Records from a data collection
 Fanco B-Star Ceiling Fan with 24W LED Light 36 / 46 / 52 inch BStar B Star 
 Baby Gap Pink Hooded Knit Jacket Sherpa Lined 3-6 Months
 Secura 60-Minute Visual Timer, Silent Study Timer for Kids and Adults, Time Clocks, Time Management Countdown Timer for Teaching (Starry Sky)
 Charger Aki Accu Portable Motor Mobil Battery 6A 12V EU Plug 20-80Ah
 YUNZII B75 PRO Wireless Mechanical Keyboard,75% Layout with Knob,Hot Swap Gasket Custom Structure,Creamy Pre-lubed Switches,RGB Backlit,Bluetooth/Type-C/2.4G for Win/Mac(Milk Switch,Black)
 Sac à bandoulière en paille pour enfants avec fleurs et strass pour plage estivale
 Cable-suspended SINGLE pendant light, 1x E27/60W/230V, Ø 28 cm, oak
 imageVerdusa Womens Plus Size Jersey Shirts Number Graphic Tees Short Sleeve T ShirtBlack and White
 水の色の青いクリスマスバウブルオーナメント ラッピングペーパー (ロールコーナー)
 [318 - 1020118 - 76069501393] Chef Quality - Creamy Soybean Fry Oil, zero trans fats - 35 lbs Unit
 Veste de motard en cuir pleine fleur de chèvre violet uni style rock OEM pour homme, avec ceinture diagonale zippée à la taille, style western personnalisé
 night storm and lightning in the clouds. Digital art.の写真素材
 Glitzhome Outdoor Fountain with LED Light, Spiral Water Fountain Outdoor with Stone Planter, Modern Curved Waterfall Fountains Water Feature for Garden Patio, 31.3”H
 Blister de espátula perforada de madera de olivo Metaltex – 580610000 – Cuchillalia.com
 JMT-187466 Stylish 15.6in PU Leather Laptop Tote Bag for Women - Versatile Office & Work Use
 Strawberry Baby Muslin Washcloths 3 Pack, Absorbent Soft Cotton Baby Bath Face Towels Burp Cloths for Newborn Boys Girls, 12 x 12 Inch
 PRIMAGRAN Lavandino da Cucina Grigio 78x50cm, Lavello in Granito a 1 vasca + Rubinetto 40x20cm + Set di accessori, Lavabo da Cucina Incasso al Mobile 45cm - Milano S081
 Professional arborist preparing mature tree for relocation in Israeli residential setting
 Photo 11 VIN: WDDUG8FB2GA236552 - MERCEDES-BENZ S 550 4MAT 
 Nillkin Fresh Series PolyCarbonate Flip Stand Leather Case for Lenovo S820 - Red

## TRY IT
What is needed is a count of the lines in the data that contain the word "with"; please give it and no other words.

## SOLUTION FOR THIS TASK
3